While reading the Chicago Tribune’s take on Kraft Foods’ recent financial woes, our teeth started to hurt. Maybe it was a cavity forming, but more likely we were just grinding them in mad frustration.
The article posits that the one big source of Kraft’s problems since it first went public in 2001— four years of falling profit margins and market share — is its CEO Roger Deromedi’s decision (derisively referred to here as doing “the right thing”) to stop advertising sugary snacks to kids.
What some might see as a principled choice, the Tribune views simply as a poor business move that is not paying off. Apparently, it was entirely beyond the scope of the reporter’s imagination that Deromedi might have acted with something other than profit margin in mind. Perhaps more importantly to investors, the article is a poor exercise in financial analysis.
Though the article rests on the premise that the downturn in profits and market share have to do with Deromedi’s decision on advertising, it offers absolutely nothing but consequential evidence to back up its claim, saying simply that, “since ending marketing to kids, the company says sales of its Post cereals aimed at children are down more than 10 percent.” This is no more informative than saying that since kids began drinking more Kool-Aid, they’re test scores have plummeted.
There are many reasons why cereal sales might not be doing so well, such as a general slowdown in food sales, a decision to focus on other products, or any number of the hundreds of decisions that a company makes about products and how to sell them. Indeed, the fact is that Kraft has shifted its focus from sugary kids cereals to healthier food.
Is this good PR that might actually have helped the company by slowing the decline in sales? The reporter doesn’t wrestle with the question, other than to note that archrival Frito-Lay has copied Kraft’s new 100-calorie snack package, a signal that people in the industry see value in moving away from junk food.

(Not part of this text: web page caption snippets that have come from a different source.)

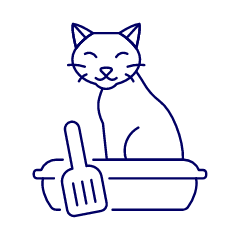Cat Pooping Illustration from UX Line Set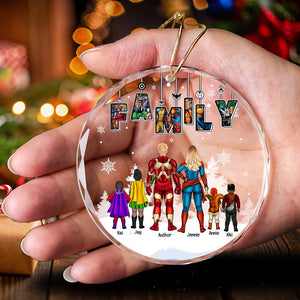 We Are A Super Hero Team - Personalized Acrylic Ornament - Gift For Family Members - CL02 NA94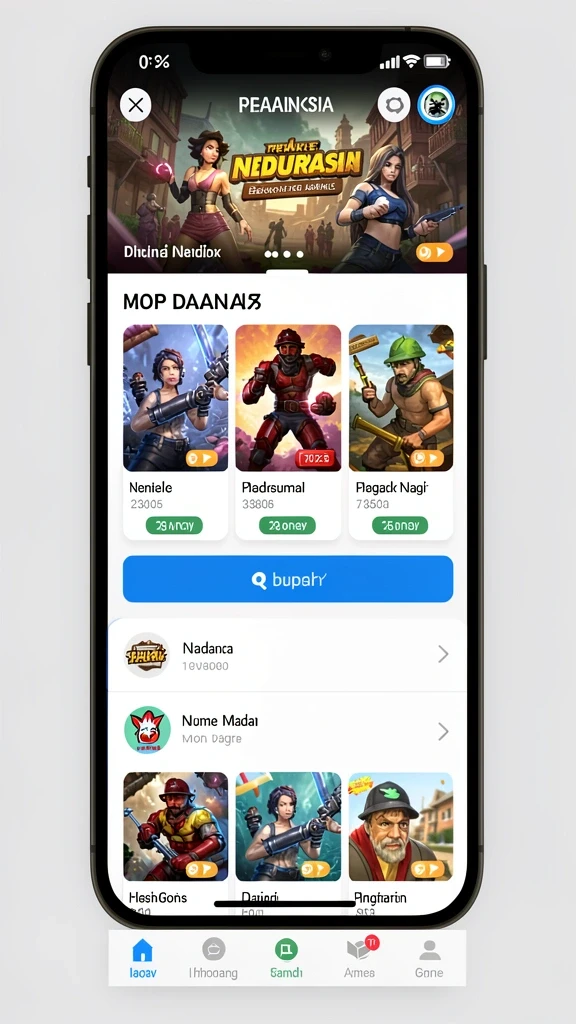 Tampilan awal aplikasi GEMS365 yang menarik.
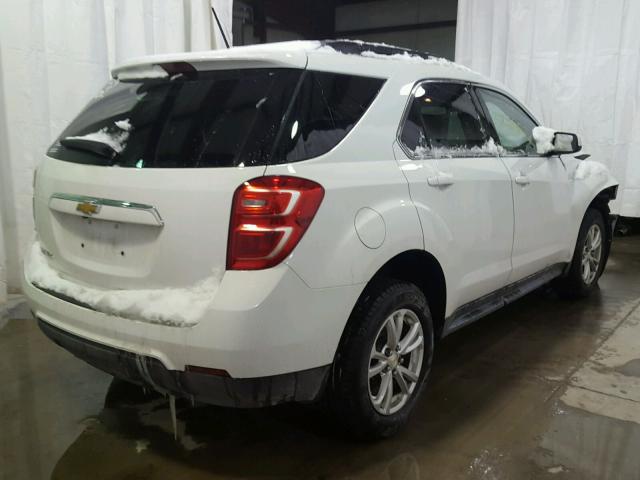 2GNALCEK3H1596025 - 2017 CHEVROLET EQUINOX LT WHITE photo 4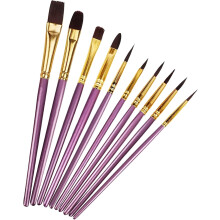 Paint Brushes, 10 Pcs Face Paint Brushes for Children Watercolor,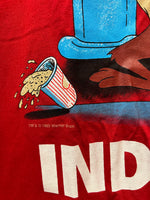 Vintage 1993 IU Indiana University Hoosiers Taz Looney Tunes Cheering T-Shirt Sz L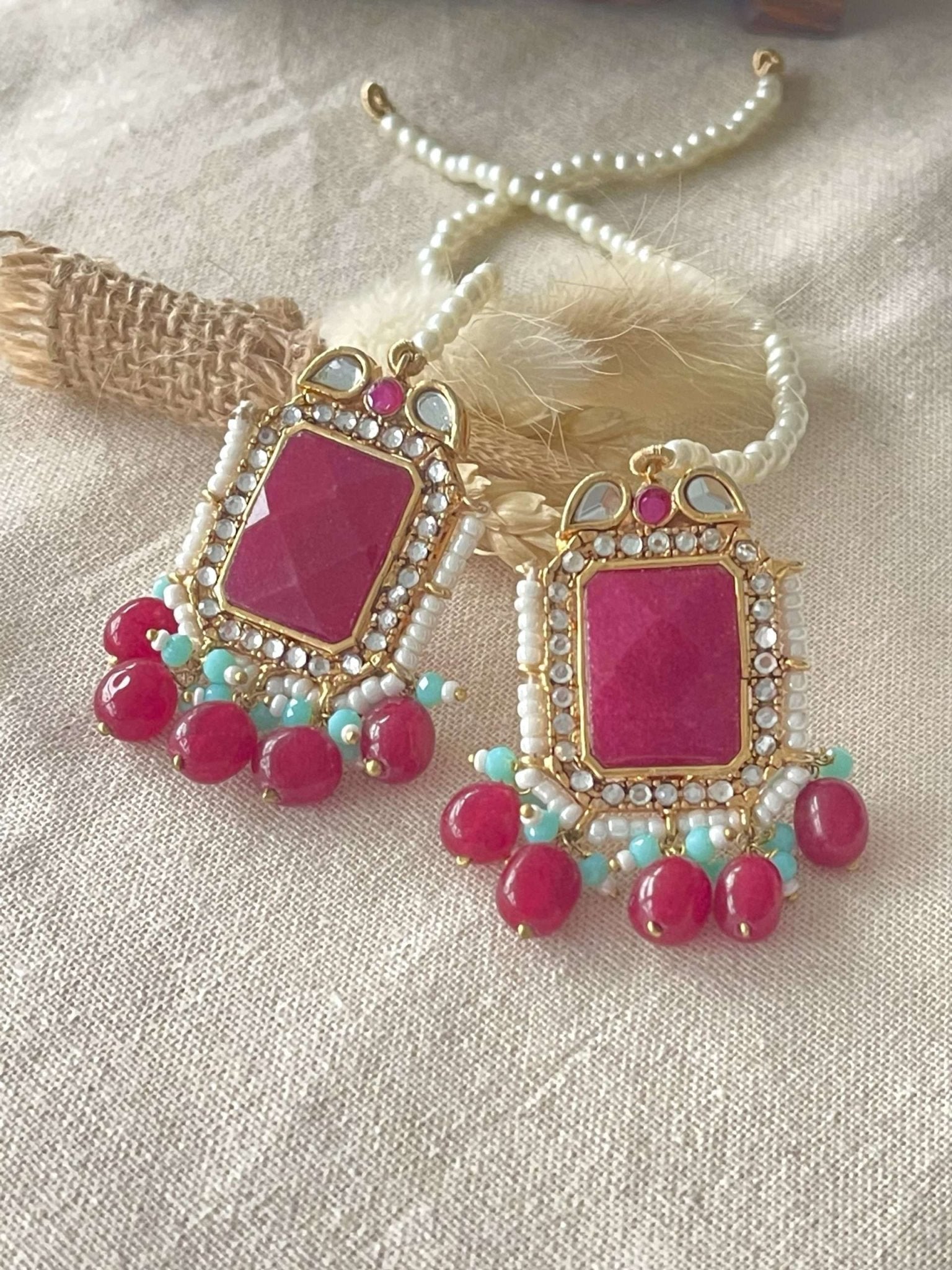 Ruby Mint Studs - nk collection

Rather than address these issues, the Tribune falls back on the silly premise that since the short-term stock price is down, the company must necessarily be in trouble, and then leaps to the logic that since the stock price is down, Kraft must go back to brainwashing children into eating high fructose corn syrup for breakfast.
This story sounds a lot like what one might hear from bearish investors attempting to capitalize on Wall Street suspicions of the “soft” components of business. Short the stock. Spread the word that Kraft has entered into an icky exercise in good will. Cash in as the stock falls.
We see a lot of this sort of tunnel vision in business sections’ assessments of companies’ strengths or weaknesses. The instinct is to distill everything down to a consideration of the stock price, with absolutely no eye for other important factors, like long term growth strategies or, dare we even mention it, morality and efforts to conform to changing demands from the community.
Reporters do not work on Wall Street. Their newspapers service communities beyond Lower Manhattan. Why, then, must they continue to write stories like this one?